> [Required action]
Please transcribe the listing below in full, exactly as written, leaving out its pictures.

> [Exercise data]

--- START ---

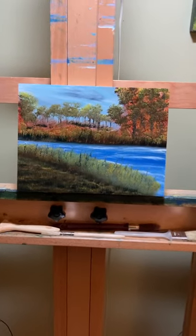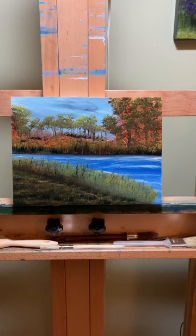Check out my newest oil painting on my YouTube channel. Check out all the nice glow in the background and the flow of the water.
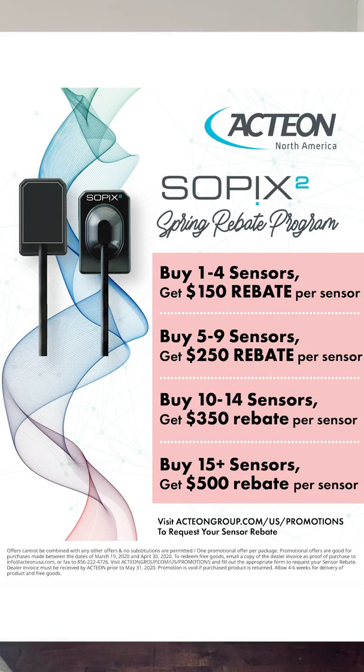Free support for the life of the product, best warranties in the industry in my opinion, no fees associated, very aggressive price points. And just to help out, we've got a very aggressive rebate program that'll go to the end of April where you can save up to $500 per sensor.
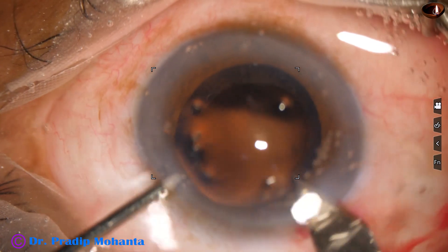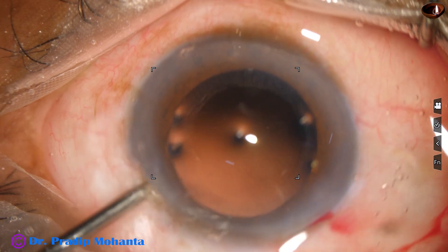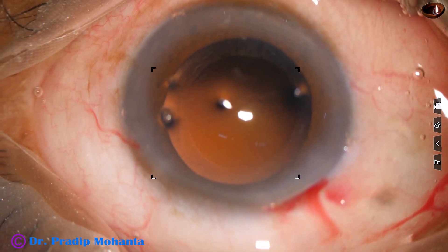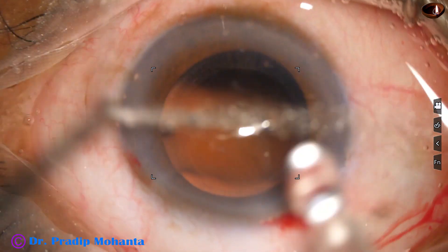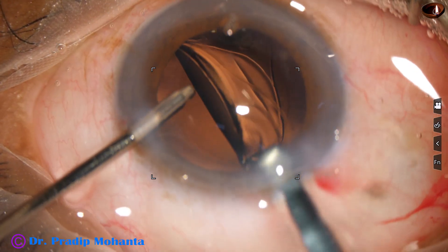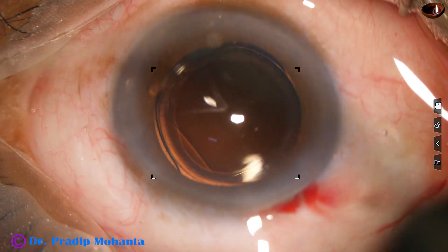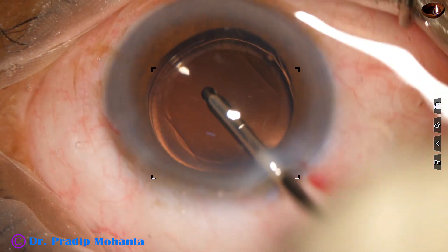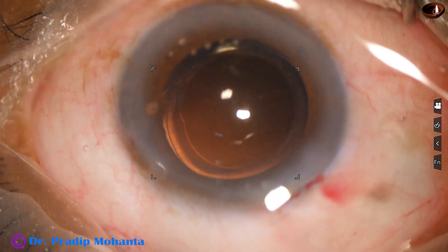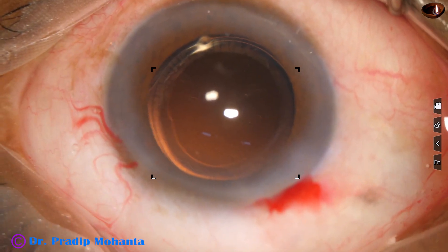I am using a cartridge for implantation of the intraocular lens, so enlarging the main incision a little more — maybe about 0.2 to 0.3 millimeter — so the main incision is now 3.1 millimeter. Here goes the intraocular lens. The lens has been placed in the capsular bag. We can see that the optic is being overlapped by the anterior capsular rim all around, so this is a rhexis of ideal size, about 5.25 millimeter.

--- END ---

> [Exercise response]
Check out my newest oil painting on my YouTube channel. Check out all the nice glow in the background and the flow of the water.
Free support for the life of the product, best warranties in the industry in my opinion, no fees associated, very aggressive price points. And just to help out, we've got a very aggressive rebate program that'll go to the end of April where you can save up to $500 per sensor.
I am using a cartridge for implantation of the intraocular lens, so enlarging the main incision a little more — maybe about 0.2 to 0.3 millimeter — so the main incision is now 3.1 millimeter. Here goes the intraocular lens. The lens has been placed in the capsular bag. We can see that the optic is being overlapped by the anterior capsular rim all around, so this is a rhexis of ideal size, about 5.25 millimeter.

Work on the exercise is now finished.